Studio album by Embrace the End
- Released: June 28, 2005
- Genre: Metalcore, mathcore, deathcore
- Length: 38:30
- Label: Abacus, Man Alive Records
- Producer: Zach Ohren

Embrace the End chronology
| It All Begins With One Broken Dream (2001) | Counting Hallways to the Left (2005) | Ley Lines (2008) |

= Counting Hallways to the Left =

Counting Hallways To The Left is Embrace the End's first full-length album. It was released on June 28, 2005 on the independent label Abacus Recordings.
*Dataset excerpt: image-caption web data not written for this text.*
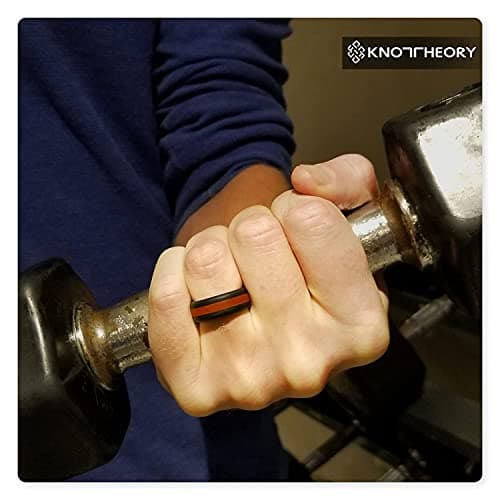 Knot Theory Red Striped Silicone Ring for Men Women - Thin Red Line Firefighter 8mm Wedding Band Size 8 — view 2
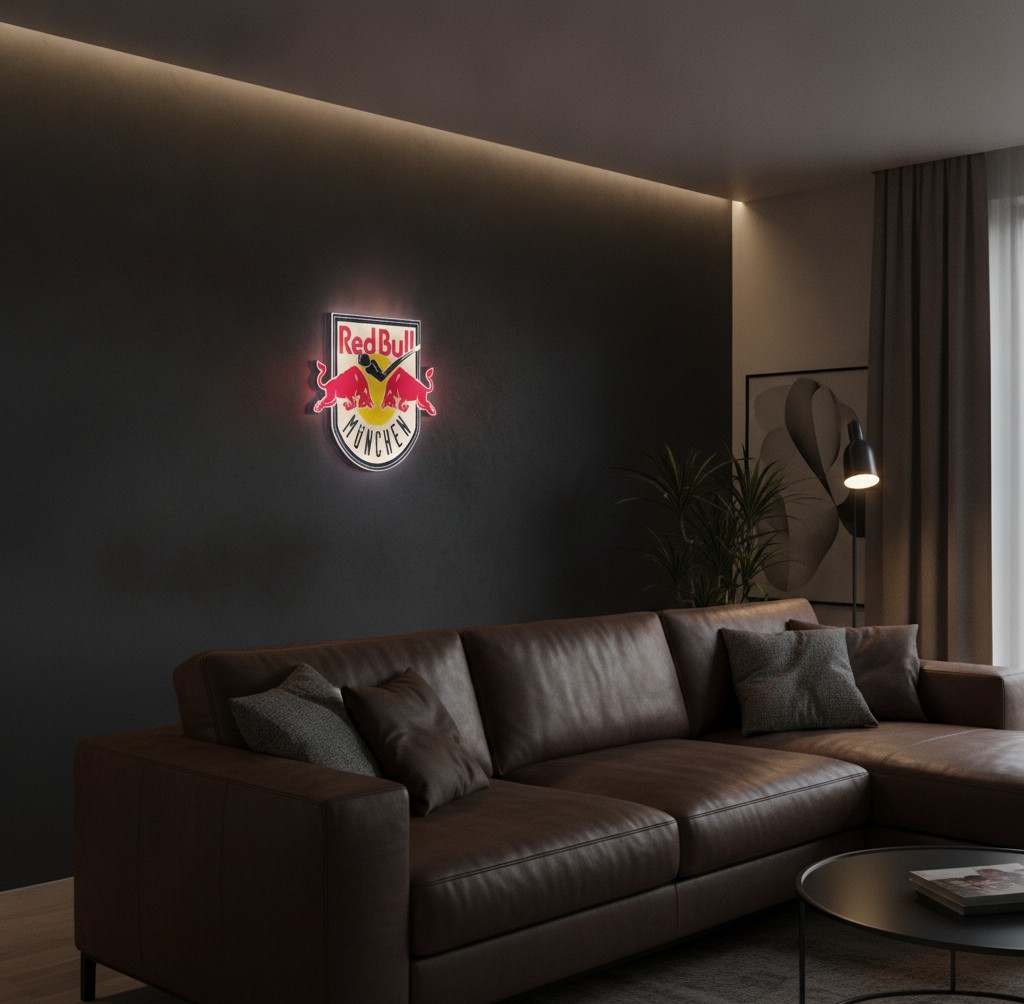 EHC Red Bull München LED-Leuchtschild Wanddeko Fandeko Geschenk - Mockup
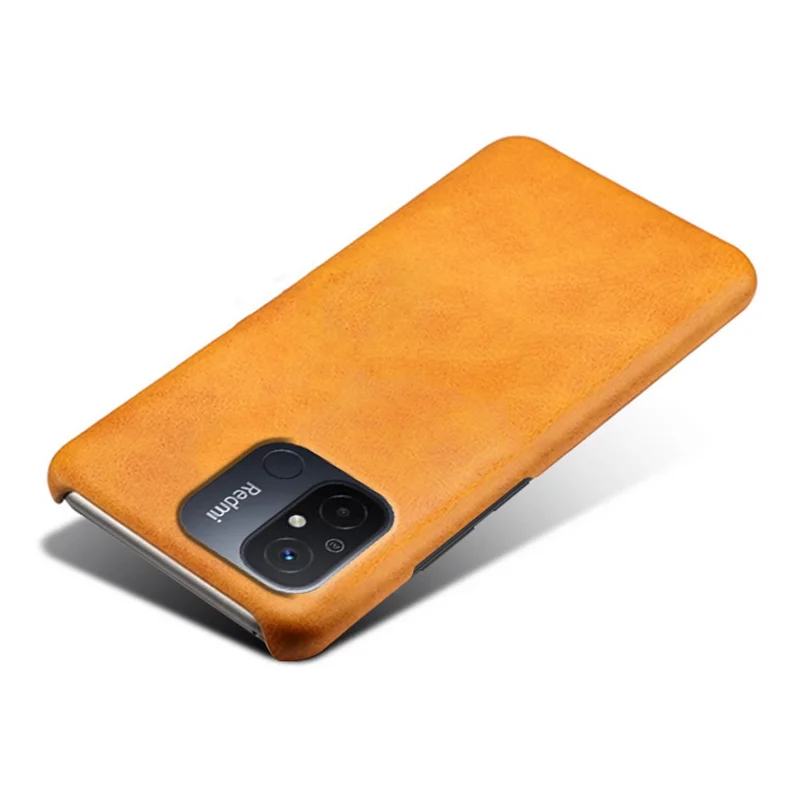 For Xiaomi Redmi 12C 4G Calf Texture Phone Case Leather Coated PC Shockproof Cover - Orange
It was also released on colored vinyl by Man Alive.

Professional ratings
Review scores
| Source | Rating |
| AllMusic |  |

==Track listing==
All tracks by Embrace the End

1. "It Ate Everybody" – 0:27
2. "Biography of a Fever" – 5:46
3. "Carbombs and Conversations" – 4:21
4. "Headlines and Deathtolls" – 1:37
5. "Memento Mori" – 5:50
6. "The Devil Rides a Pale Horse" – 0:55
7. "Frankie is a Cutter" (featuring guest vocals by vocalist Leo Miller and drummer Navene Koperweis of Animosity) – 1:55
8. "Tempest, Tried, and Tortured (The Bloodening)" – 6:52
9. "After Me The Floods" – 5:13
10. "The Father's Right Hand (My Lai)" – 5:34

==Credits==
- Jesse Alford – vocals
- Pat Piccolo – vocals
- Joel Adams – guitar
- Kyle Dixon – guitar
- Ryan Lewis – bass
- Bart Mullis – drums

==Trivia==
- The song "After Me The Floods" was originally released on Embrace The End's demo tape as "Apres Moi le Deluge" which is the same title in French.
- The song "Frankie is a Cutter" features guest vocals from Leo Miller and Navene Koperweis, the singer and drummer of Animosity.